Planting my winter crops.  That's right: there's about 1 month of above frost left,  2 months of above freeze,  and 3 months of not yet frozen solid,  which should be enough time for:
Radishes, arugula, maybe turnips or baby carrots,  spinach,  chard, kale, mesclun,  maybe beets. I'll be using low tunnels to hedge my bets and out wit some rodents.
There's also the onions, garlic, corn salad, winter wheat, and other things that make it through the frozen solid months alright.  We have such pest influence I will be sprouting (ever so slightly) the wheat before I plant it.  In fact,  since much of my ground is already planted and the critters are stuffing themselves for winter, I am starting most of this inside. That will give me 2-3 weeks to clear out the stuff that's not gonna produce anymore.


Mowing/trimming/pulling. Yes, the lawn,  but also: perennial plants that go dormant pull their nutrients out of the leaves, into the roots.  You weaken weeds a lot if you chop off all their top growth before they can suck  out it's nutrition. I let squash wander in my lawn, but it's pretty much done now, so I want to get my lawn back for kid and dog use, and to impress the neighbors (haha). The dandelion root is probably biggest now.

Processing: much of what I started drying mid summer is dry now and just needs to be put into the proper storage.

Wood gathering: I'd chop it too, if I had more of me.

Rooting cuttings: these are ones I will have to baby over winter...oh well. The wood is available now.

Picking up acorns: I'd say processing,  but due to lack of time,  I'm fridging them for now

House cleaning: after 5 months of ignoring the indoors,  I have to move back in and evict the spiders and dust that took my place.

Prepping for cold: wood stove in good working shape? Check! Humidifiers working? Check! Enough covers for the beds? Check! New air leeks around the doors and windows fixed? ....almost check....

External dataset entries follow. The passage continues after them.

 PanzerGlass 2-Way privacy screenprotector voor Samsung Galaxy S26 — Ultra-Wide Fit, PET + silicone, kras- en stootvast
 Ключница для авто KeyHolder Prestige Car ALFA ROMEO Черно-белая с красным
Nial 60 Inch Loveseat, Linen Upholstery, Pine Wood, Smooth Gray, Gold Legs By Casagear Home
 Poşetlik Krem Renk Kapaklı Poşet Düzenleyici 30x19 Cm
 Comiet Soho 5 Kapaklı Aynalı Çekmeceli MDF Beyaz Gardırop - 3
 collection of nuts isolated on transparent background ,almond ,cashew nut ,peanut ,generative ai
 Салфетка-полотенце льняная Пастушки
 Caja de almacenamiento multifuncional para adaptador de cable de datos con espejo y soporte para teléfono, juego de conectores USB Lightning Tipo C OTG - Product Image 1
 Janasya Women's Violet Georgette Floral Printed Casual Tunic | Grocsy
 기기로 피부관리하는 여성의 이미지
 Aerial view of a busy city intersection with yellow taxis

Buying the last of the fresh, local stuff: I wish I could grow a beautiful large cabbage,  but so far I just get piddly looking things,  thus I go to the farmer's market and buy from them. What I can't grow yet and can be stored for months, I do.

Starting cooking as heating: during summer it's hot.  I avoid cooking as much as possible.  Instead I do a lot of cold foods.  In fall though,  the weather is cool enough to even be a little cold,  which is fixed just right with a pot of stew and fresh,  home made bread.

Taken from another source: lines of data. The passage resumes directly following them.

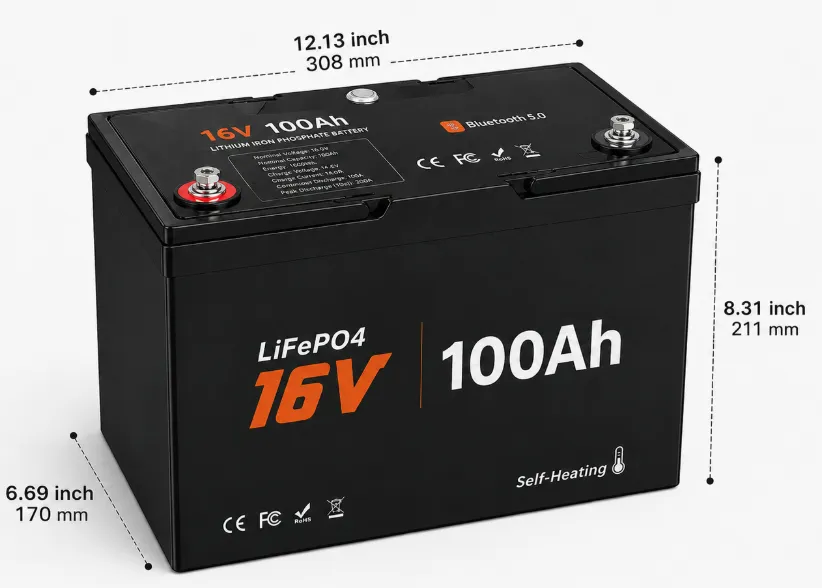 16V 100Ah Group 27 LiFePO4 fish finder battery dimensions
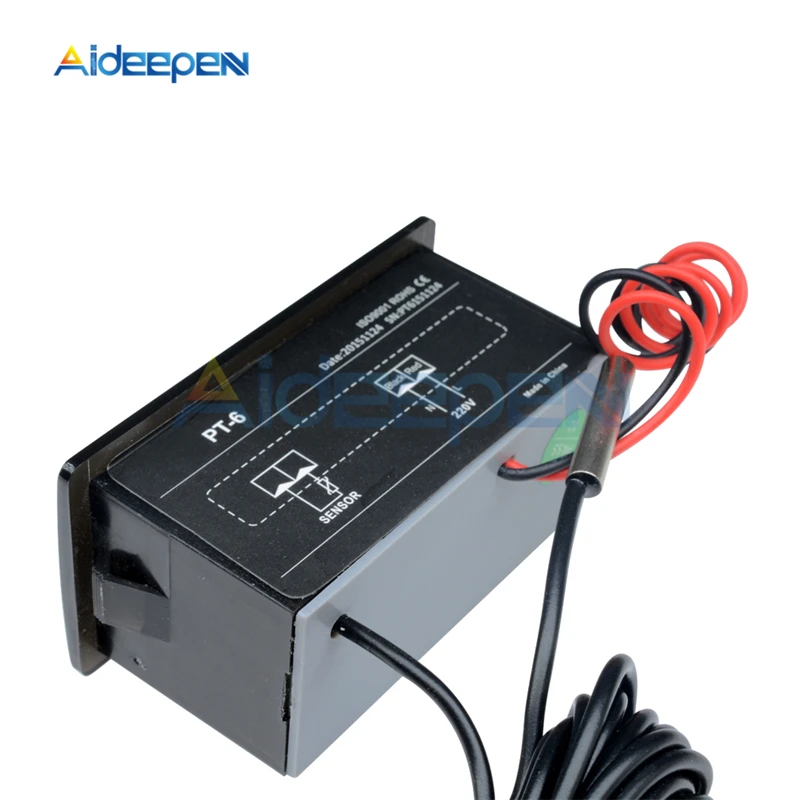 AC 220V PT-6 Встроенный цифровой измеритель температуры-40~ 110C автомобильный транспорт автомобиль термометр монитор с датчиком NTC 2 м
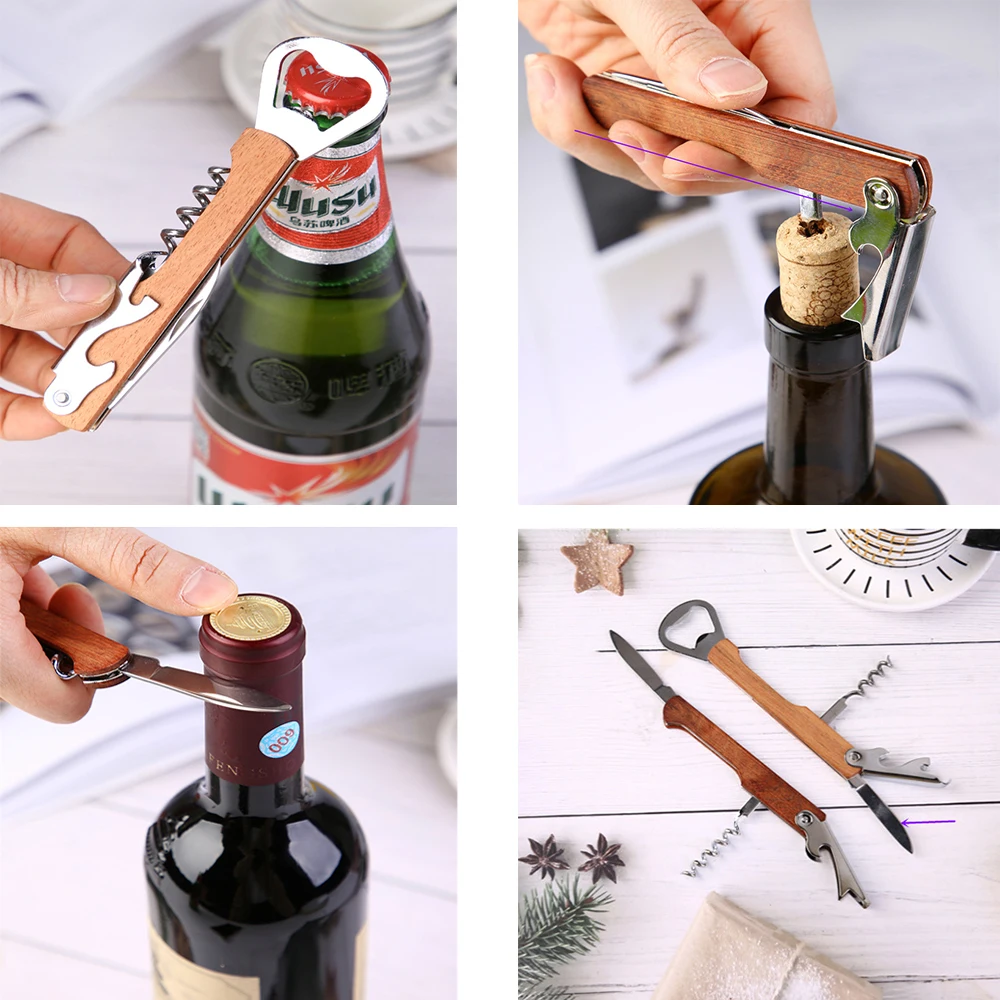 Personalized Wedding Party Favor Engraved Wood Wine Corkscrew & Beer Bottle Opener Wedding Gifts For Guests beer bottle opener keychains wooden wine bottle stopper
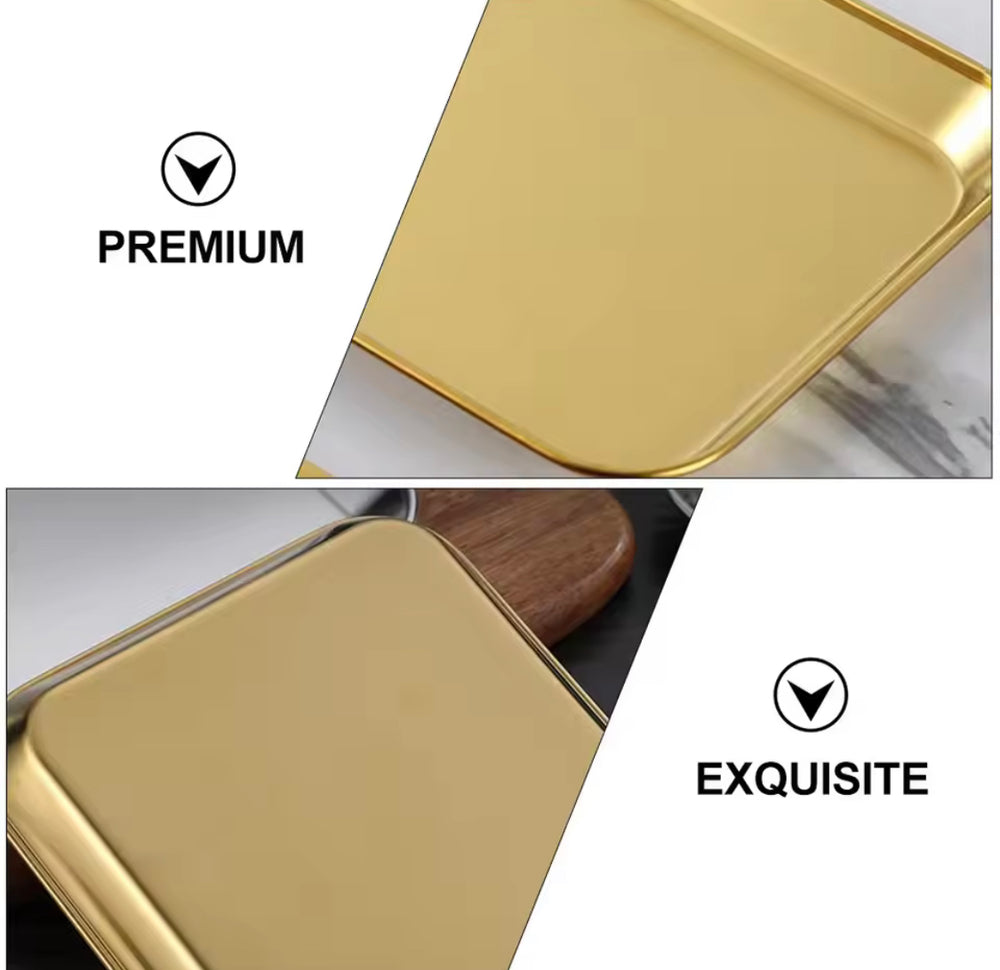 Luxury Square Stainless Steel Serving Tray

Clean the windows: solar heat gain can be quite substantial.  Cleaning them windows helps.

Reprocessing kids clothes: weather change means everyone with kids in the community cycles their clothes to the next in line.

Vehicle/equipment service: I'm not sure how soon I'll get to it this year, but I like getting the vehicle derusted and coated with paints or wax to avoid further rust damage. The same goes for shovels, wheel barrows,  etc.

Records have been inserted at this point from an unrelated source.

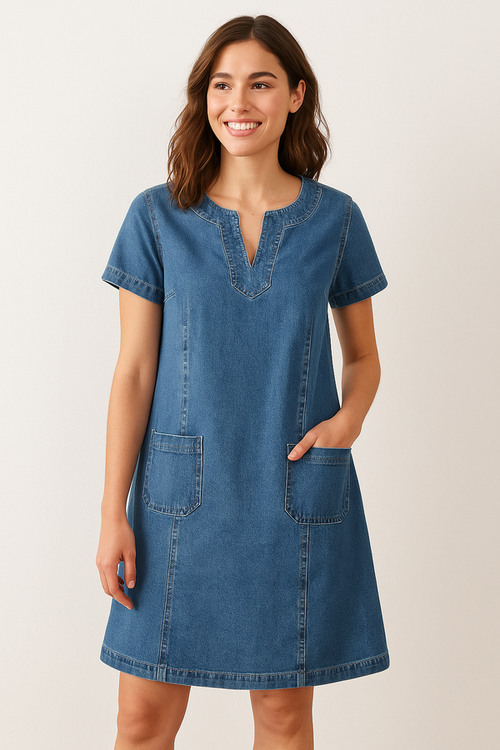 Sofia weiches Denim-Kleid
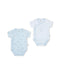 Yatsi | Baby Boy Blue & White Elephant Print Cotton Short Sleeve Vests - 2 Pack - 26110054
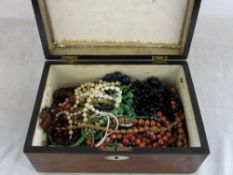 Wooden box containing assorted costume j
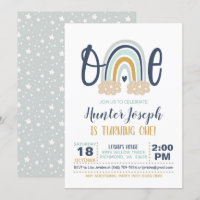 Modern Rainbow First Birthday Invitation - Boy LB
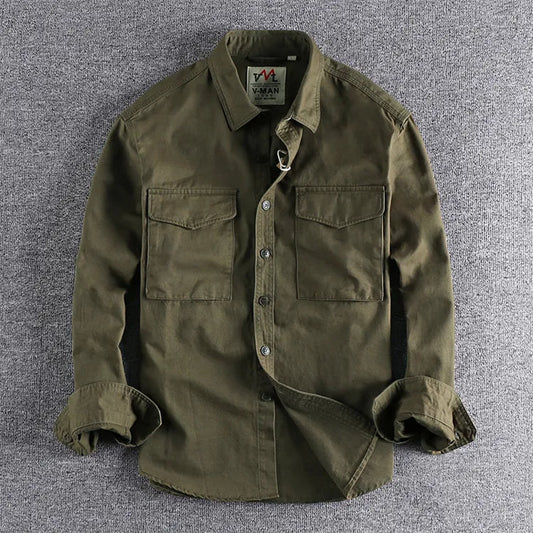 Albert Herren Freizeitshirt Doppel-Tasche Knopfleiste Baumwolle Blau - Norvielle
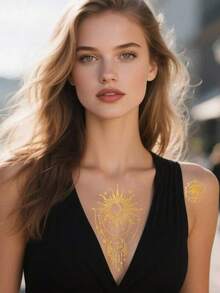 Gold Foil Sheet Bracelet And Moon Pattern Temporary Tattoo Stickers, Suitable For Body Painting Decoration, Perfect For Girls - Gold - View 3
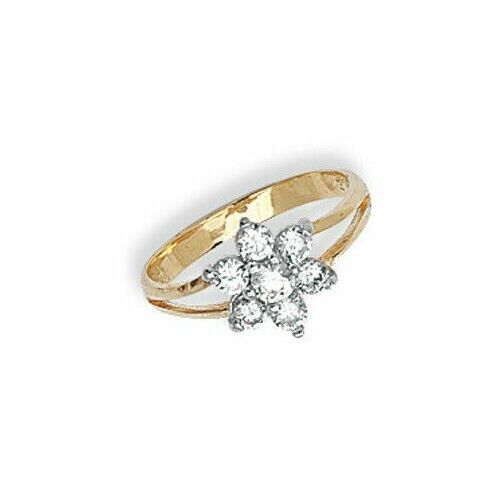 Baby Childs Cluster Ring Solid Yellow Gold Gemstone Hallmarked British Made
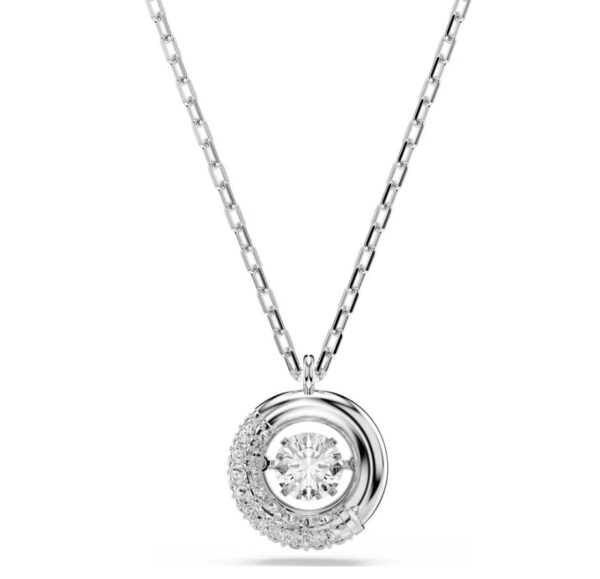 Dextera pendant Round cut, White, Rhodium plated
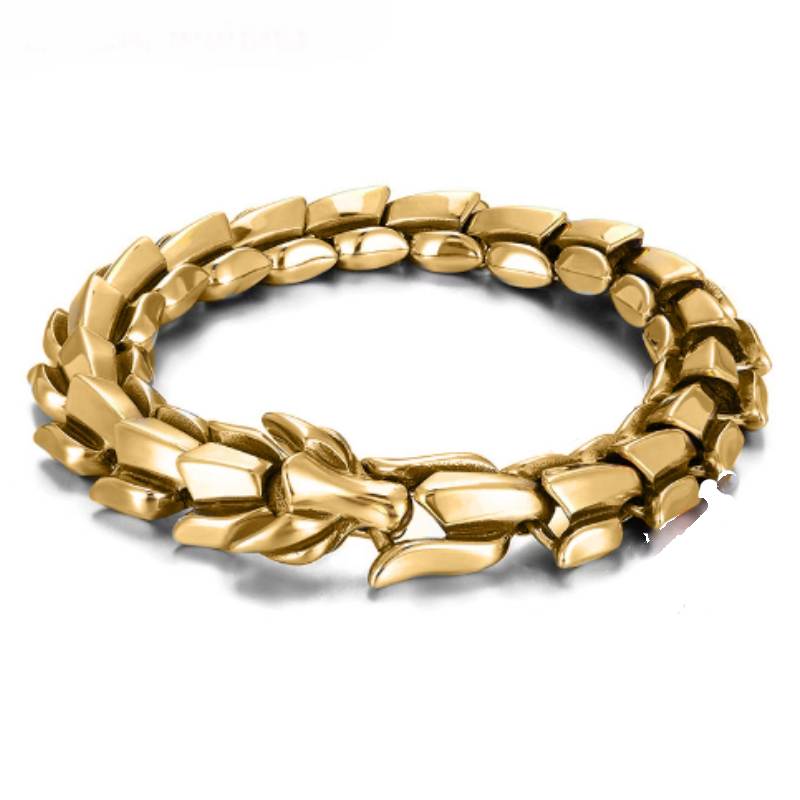 Dragon Head Dragon Scale Dragon Bone Bracelet Hiphop Jewelry For Men Golden,S
Dragon Head Dragon Scale Dragon Bone Bracelet Hiphop Jewelry For Men Golden,S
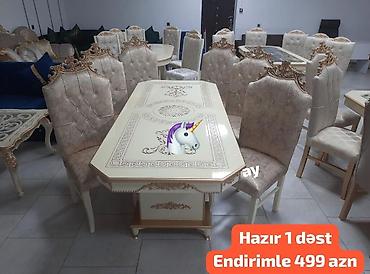стул металлический: Klassik üslubda yemək otağı dəsti - Tərkibi: masa + 6 ədəd stul - — 1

Move dirt: during summer it's so dry and hard.  During winter it's so frozen,  but spring and fall it cuts like butter and you can therefore do more in less time.

Leaf shifting: such great dirt next year and a great mulch cover for perennial plants, but bad for lawn and driveway,  so I shift it around.

Hose wrap-up: no longer needed this year, so they need to be unplugged and the line drained.

Surveying and mapping out niche holes: so you know how many plants to buy/start mid winter and plant in spring.

Update the planting journal: of what worked/didn't before you forget.

Make a prize for yourself to get after fall is over and it's the middle of winter so you don't suffer from exhaustion because it's a busy time of year with a drop in sunshine and you may have already been going full throttle since April.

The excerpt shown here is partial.